Dans le très étrange «Sea of Trees» de Gus Van-Sant, un Américain décide d'embarquer pour le Japon pour se donner la mort dans une forêt gigantesque située au pied du mont Fuji et connue pour accueillir les aspirants au suicide venus du monde entier. L'allégorie est on ne peut plus claire et n'a pas besoin de dessin. Plus explicite, «El Abrazo de la Serpiente» de Ciro Guerra nous entraîne dans la jungle amazonienne à la recherche d'une fleur magique aux puissants pouvoirs hallucinogènes. Abonnée au Festival de Cannes, la Japonaise Naomi Kawase a une filmographie qui célèbre la nature et les éléments tels que l'eau, la végétation et les astres -le soleil en premier. Dans son dernier opus, «An», elle nous révèle l'existence d'une autre forêt japonaise qui a servi longtemps et jusqu'à une période très récente de camp de réfugiés lépreux. Le film narre les affinités naissantes entre un restaurateur mutique et dépressif et une vieille pâtissière de talent et ancienne lépreuse. La vieille est spécialisée dans le confit de haricot rouge, farce des dorayakis ces petites crêpes fourrées que les Nippons adorent déguster. Le message gros comme un chêne millénaire dit que le goût culinaire ne va pas sans celui de célébrer la nature, la forêt, la lune et le soleil, et encore et toujours les cerisiers en fleurs comme le dernier signe que peut-être tout n'est pas encore totalement détraqué...

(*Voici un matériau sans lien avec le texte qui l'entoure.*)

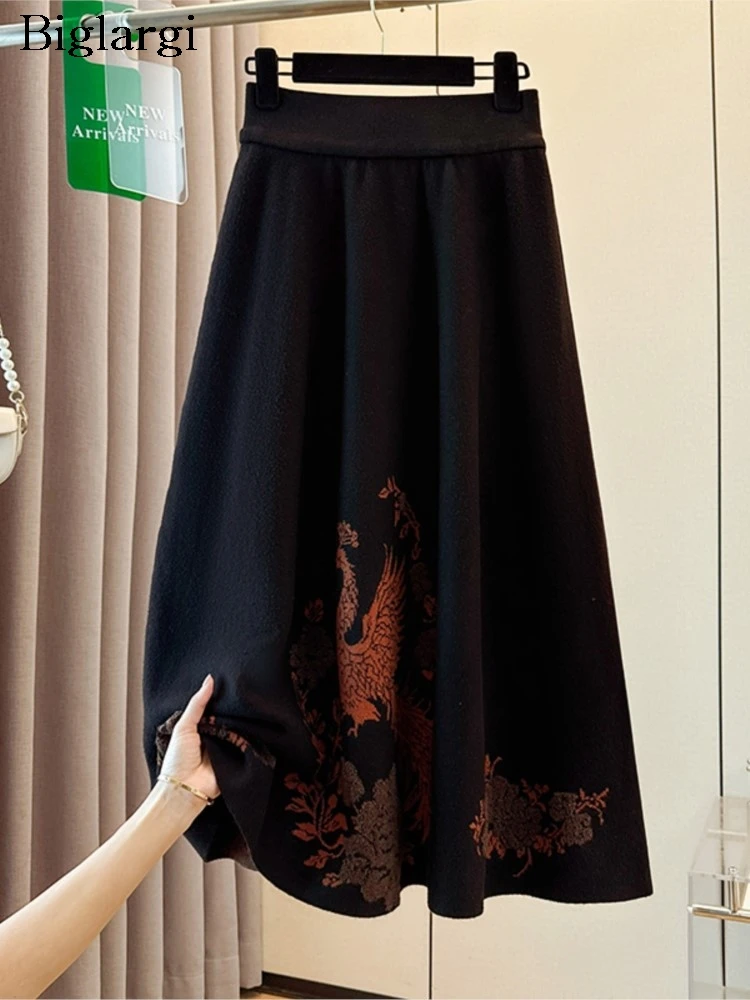

Oversized Knitted Autumn Winter Skirt Women Floral Print Fashion Ruffle Ladies A-Line Long Skirts Loose Casual Woman Skirt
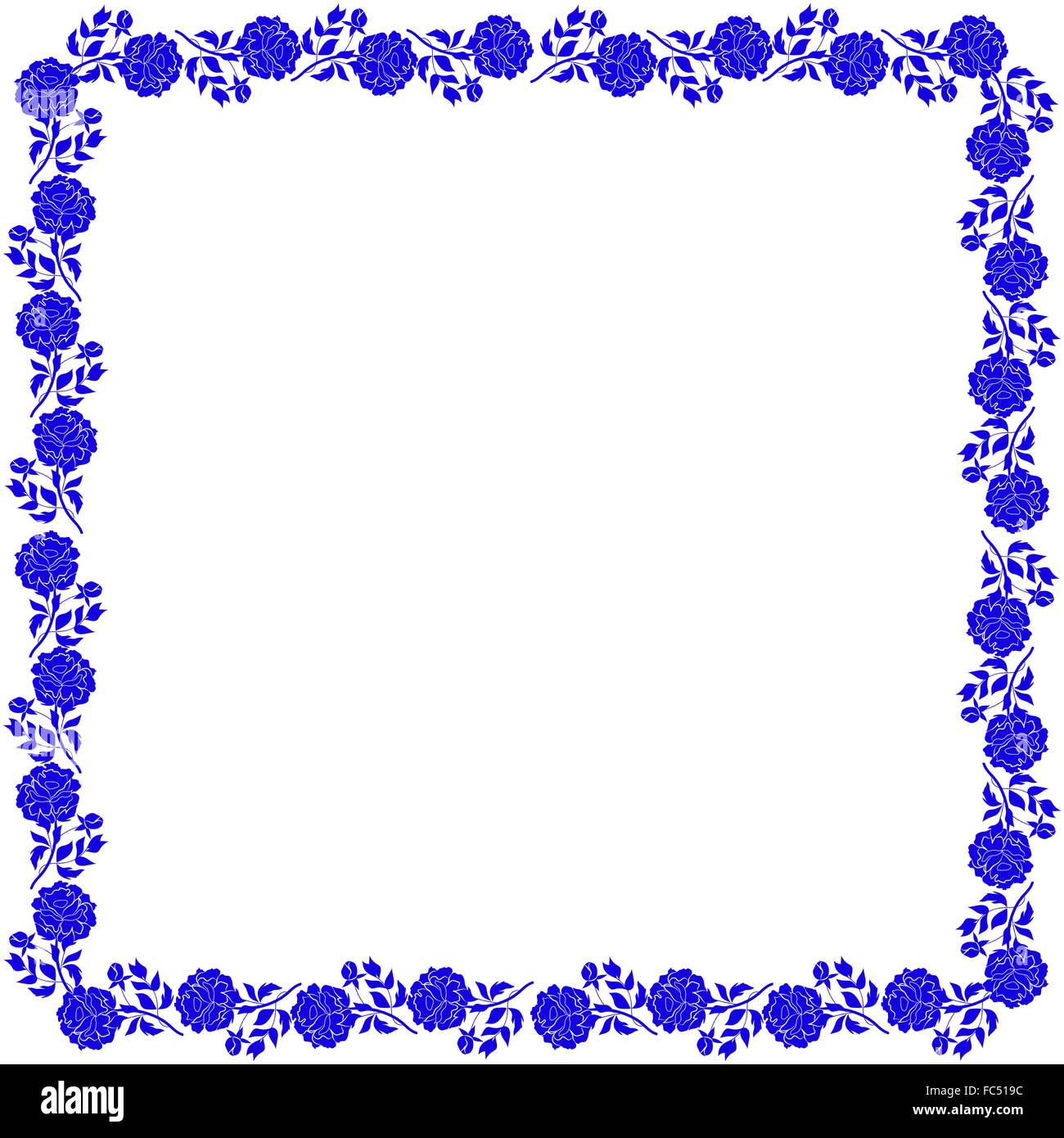 Delicate frame with blue peony flowers isolated on white background ...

Enfin, dans «The Lobster», le Grec Yorgos Lanthimos nous entraîne dans une forêt menaçante pour une fable un peu délirante où les célibataires sont changés en animaux s'ils n'arrivent pas à trouver leur moitié. De deux choses l'une, soit on a rien compris à ce film (peut-être une critique de la dictature de la normativité sociale?), soit on a beaucoup dormi durant la projection. Mais la conclusion de ce papier de fond (volontairement léger pour des raisons écologiques) ne change pas pour autant: oui, on préfère manger des crêpes fourrées à la loubia hamra avec une vieille lépreuse japonaise qui connaît et respecte la nature que de partager une infecte pizza à la mayonnaise avec un jeune et beau quidam algérien qui reste indifférent quand les autorités de son pays déciment d'une manière systématique les rares arbres qui restent encore debout.